> [Task objective]: Transcribe the full listing below, word for word, without pictures.

START Dataset excerpt

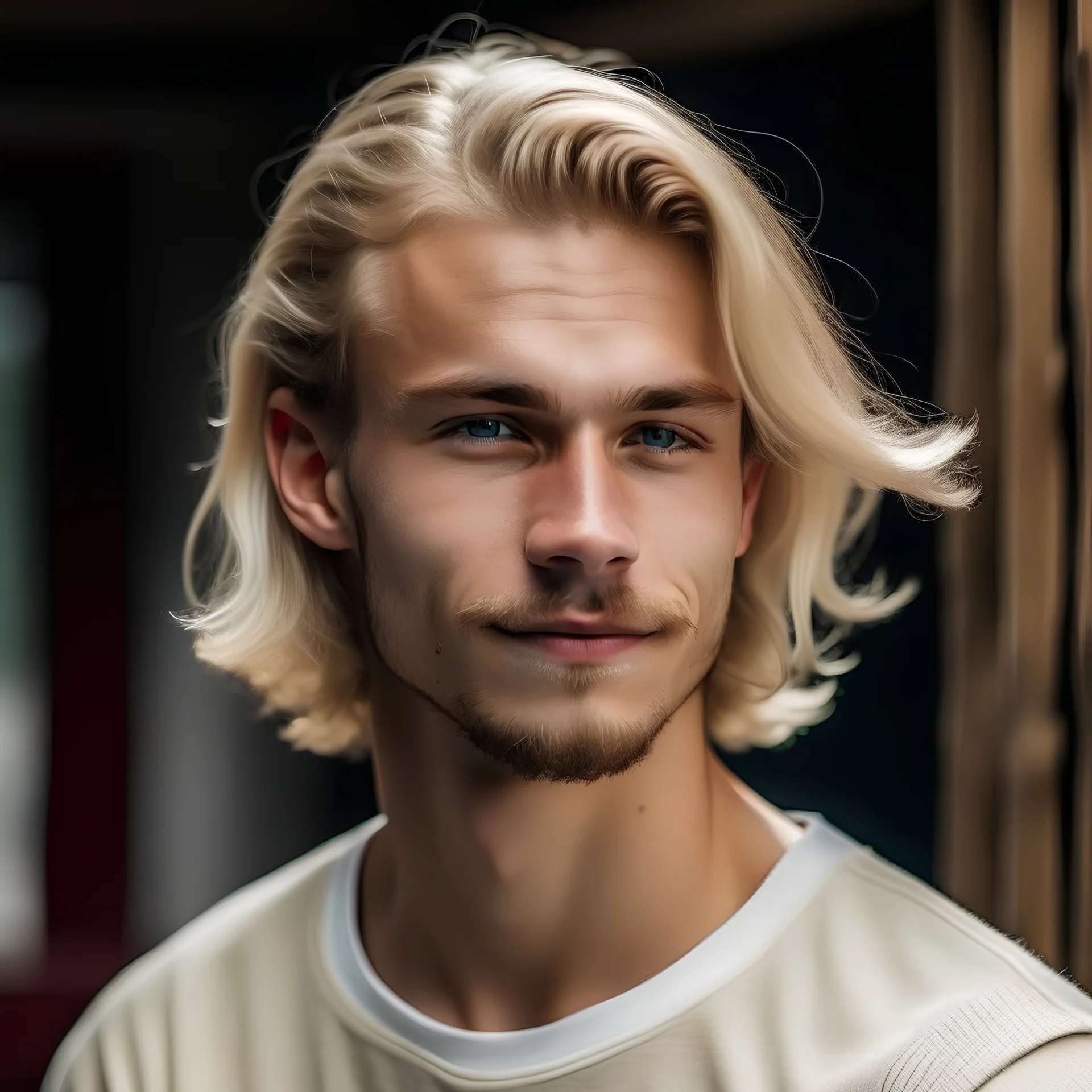 Sternbild Widder mit einem blonde junge Mann der 25-30 Jahre alt ist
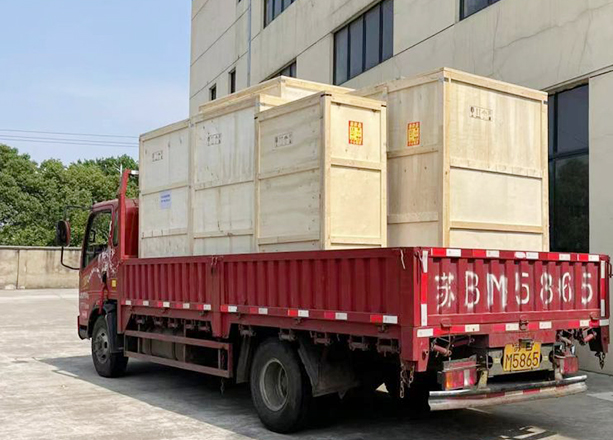 定壓補水機組2套和全自動加藥裝置4套出口發(fā)貨墨西哥！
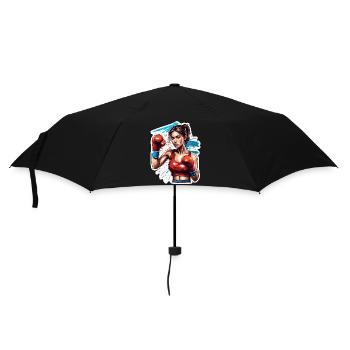 Boxer / Sport / Fight / Arena / Boxing Ring / Fists - Umbrella (small) - black - Front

END Dataset excerpt

> [Result of the exercise]:
 Sternbild Widder mit einem blonde junge Mann der 25-30 Jahre alt ist
 定壓補水機組2套和全自動加藥裝置4套出口發(fā)貨墨西哥！
 Boxer / Sport / Fight / Arena / Boxing Ring / Fists - Umbrella (small) - black - Front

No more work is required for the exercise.